Q. What drove the need to put the implementation of unit manning on hold until 2011?
A. The driver was getting us on the ARFORGEN model, and it’s a huge change because to put ourselves on this rotation readiness cycle, we have to change how we do people, how we do training, how we do education, how we equip, how we report. It’s a major change, but I think it’s exactly what we need. We see the future as one of persistent conflict. We’re going to be involved or engaged, maybe not like we are in Iraq and Afghanistan, but there is going to be a lot of stuff like that around the world, so we need to have a stream of folks trained, equipped and prepared to go out and do these things, active, Guard and Reserve.
Q. You have strong recruiting and retention numbers. Do you think you’ll arrive at 547,000 early?
A. We may, but you know we accelerated it by two years already to 2010, and we’re going to meet it by 2010 right now. If we make it earlier than that, it might be a month or some months early; we’re not going to make it a year early. We purposely brought those people in by 2010, and we won’t finish building the units until 2011.
Q. Could you go larger?
A. That’s the $64,000 question. What I’ve asked the staff to do is design me the best Army you can build with 1.1 million [people], and that’s with active, Guard and Reserve. Assume this level of access to the Guard and Reserve, and tell me where the holes are and let me decide whether we need to be bigger or not. We’re doing some of that work because I’m sure that question is going to be asked by the new administration, and we need an answer.
But the last thing I want to do is build a big force that we can’t afford to man, train, equip and sustain at the levels we need. I came into a hollow Army; I don’t want to go out from a hollow Army.

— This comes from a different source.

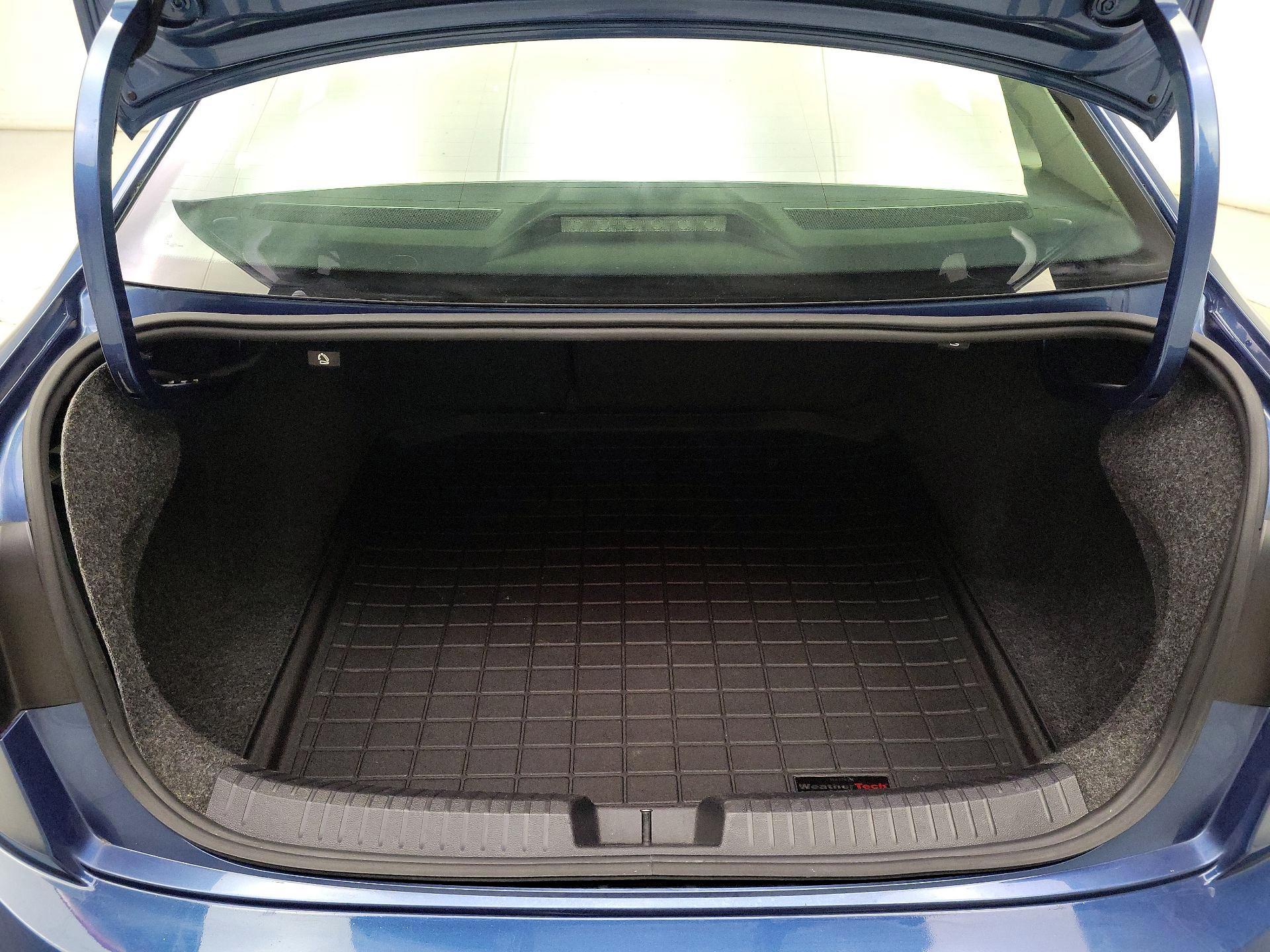 Thumbnail: 2019 Volkswagen Jetta - 19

The other question is, big enough to do what? What do you want us to do? Rotation schedules depend on demand.
Q. Do you have any early studies to tell you a bigger number is what you want?

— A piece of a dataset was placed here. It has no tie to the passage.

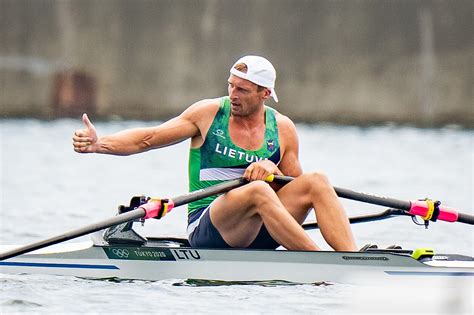 Mindaugas Griškonis su medaliu irkluotojo valtyje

A. There are lots of studies going on to see not only how big should the Army be, but how big should the armed forces of the United States be. If the new president came in and said, “Gen. Casey, assuming an era of persistent conflict, what number would you like to have total. Do you have a number?” — I’d tell them.
Q. Is this something you’ve been asked to do by the candidates or Congress?
A. No. It’s stuff we have to do. That’s my job, to say, “Hey, this is what you want me to do, and this is what we need to do it.”
By Gina Cavallero in Washington.
Service profile
2009 budget request: $51.8 billion, up $5.5 billion from 2008.
Troops: Active-duty, 538,128; Reserve, 189,000; National Guard, 350,000, as of July 31.
Major procurements: Future Combat Systems, Joint Light Tactical Vehicle, Joint Tactical Radio System, and many repairs and upgrades to vehicles and aircraft returning from the wars in Iraq and Afghanistan.